Das wollte das Mädchen allerdings nicht. Sie sagte "also, okay" und machte doch mit bei Intimitäten, bei denen sie laut Schilderungen von beiden anschließend dann auch den aktiven Part übernahm. Später vertraute sie einer Freundin die Geschichte an, die sie wiederum ihrer Mutter weitererzählte – schließlich erfuhr die Justiz davon.

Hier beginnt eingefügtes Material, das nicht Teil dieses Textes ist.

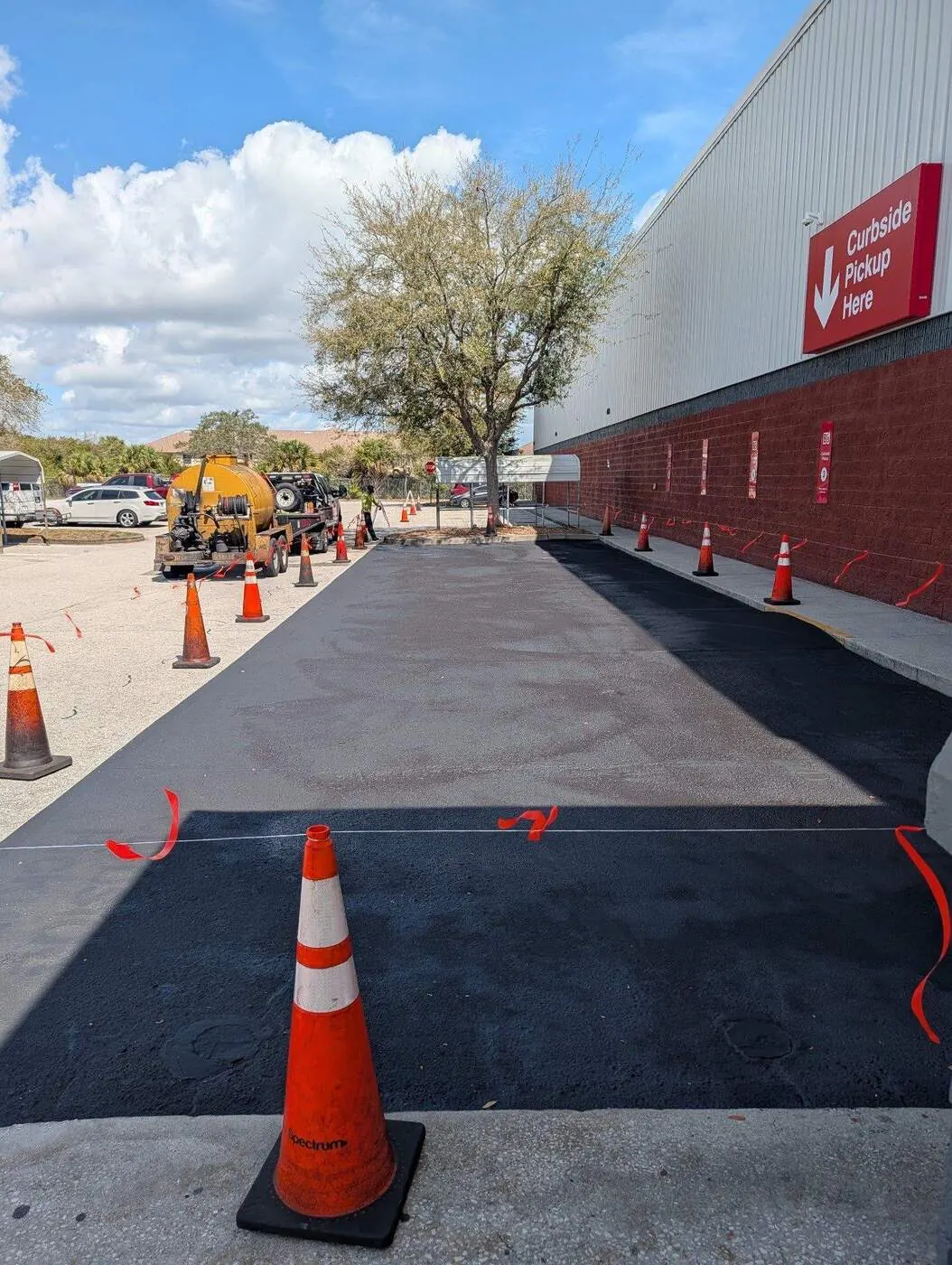 Crew coning off a section of parking lot before sealcoating begins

Neues Gesetz: Kein ausdrückliches "Nein" nötig
Die sah sich in der Pflicht, zu prüfen, ob das Mädchen zum Sex gezwungen worden war. Denn ein 2017 erlassenes Gesetz sagt: Ein ausdrücklich ausgesprochenes "Nein" ist nicht mehr nötig. Wer gegen den erkennbaren Willen einer anderen Person sexuelle Handlungen an ihr vornimmt oder von ihr vornehmen lässt, ist unter Umständen ein Vergewaltiger – es droht Haft. Hätte der unerfahrene 14-Jährige also erkennen müssen, dass seine ebenso unerfahrene Freundin beim Sex nicht mitmachen wollte?
Ja, befand das Amtsgericht und verurteilte den Jugendlichen vor zwei Jahren wegen Vergewaltigung: Er habe das Widerstreben seiner Freundin erkannt und sich darüber hinweggesetzt, so die Begründung. Der 14-Jährige ging mit seinem Anwalt Christian Mulzer in Berufung.

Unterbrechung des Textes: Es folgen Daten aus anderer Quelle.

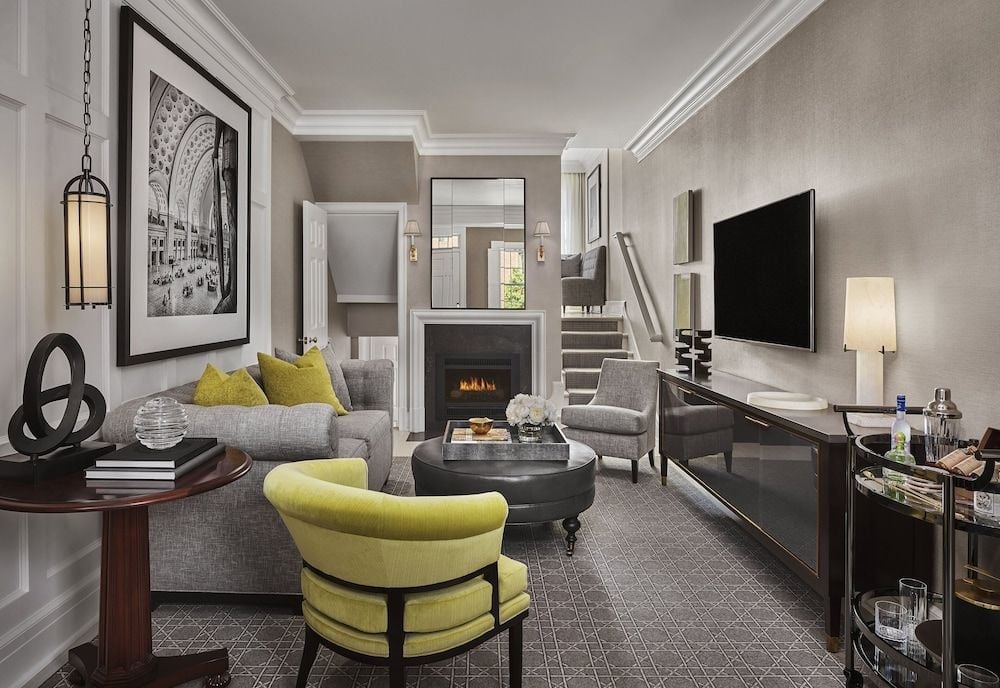 Charcoal-gray walls and chartreuse accents create sophisticated drama in this duplex suite, where crown molding frames a crackling fireplace and floating staircase leads to intimate quarters above.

Grenzfall: Selbst ein "Ja" ist kein Freibrief
Der Fall sei "sehr grenzwertig", fand jetzt auch in zweiter Instanz das Landgericht, das erneut prüfen musste: Wie deutlich muss der freie Wille zum Mitmachen beim Sex auch ohne Worte erkennbar sein? Dass das Mädchen sich hatte umstimmen lassen und sich schließlich aktiv beteiligt hatte, spielte bei der Abwägung eine Rolle. Diesmal kamen die Richter zu einem anderen Schluss.
Zwar betonte das Gericht: Selbst ein ausgesprochenes "Ja" sei kein Freibrief, wenn durch das übrige Verhalten ein entgegenstehender Wille erkennbar sei. Doch aus Sicht des Landgerichts überwog nun das freiwillige Mitmachen des Mädchens nach anfänglichem Zögern. Das Strafverfahren wegen Vergewaltigung gegen den heute 16-Jährigen wurde deshalb mit Zustimmung der Staatsanwaltschaft eingestellt.

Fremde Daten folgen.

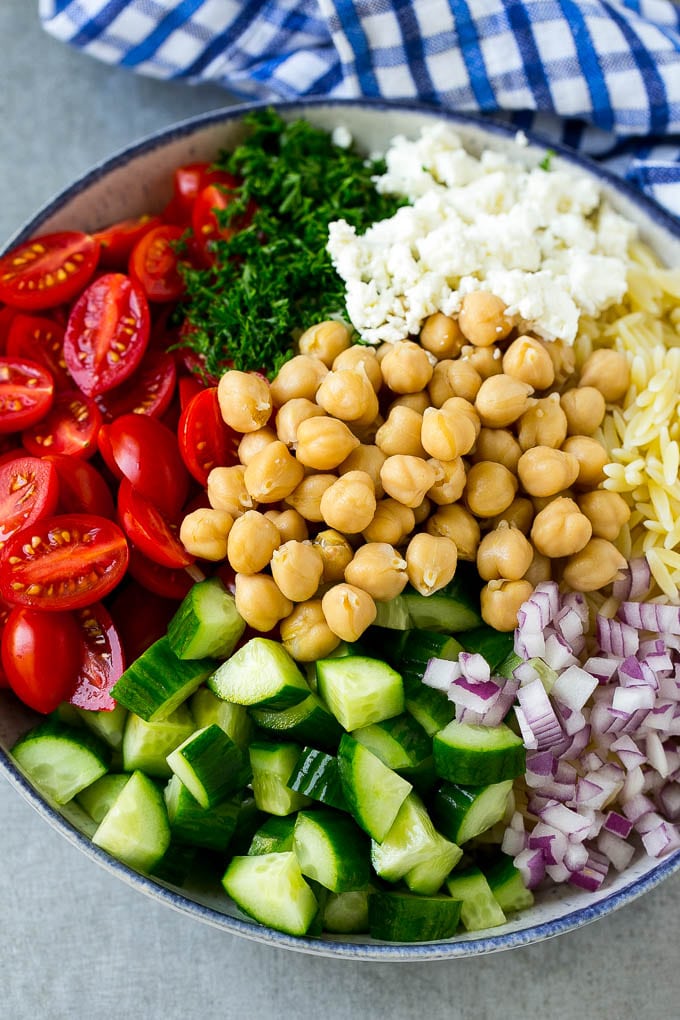Orzo Salad Recipe | Orzo Pasta Salad | Greek Orzo Salad | Mediterranean Orzo Salad #pastasalad #orzo #greekfood #salad #fuyos A bowl of orzo pasta, cucumbers, cherry tomatoes, feta cheese, red onions, herbs and chickpeas.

Wie beeinflusst so ein Gesetz bzw. das erstinstanzliche Urteil das Verhalten der Kinder/Jugendlichen bei der ersten Liebe?
Gibt es wissenschaftliche Untersuchungen die dass begleiten?
Ist das erste wie zweite Urteil ein Thema an den Schulen? Wie reagieren die Kinder und Jugendlichen darauf?
Um einer Gefängnisstrafe beim Sex zu vermeiden sollte man heute am besten erst ein Jura-Studium absolvieren, mit Strafgesetzbuch, einem guten Rechtskommentar und der Telefonnummer eines Fachanwaltes ins Bett gehen, den man ggf. bei Rückfragen anrufen kann.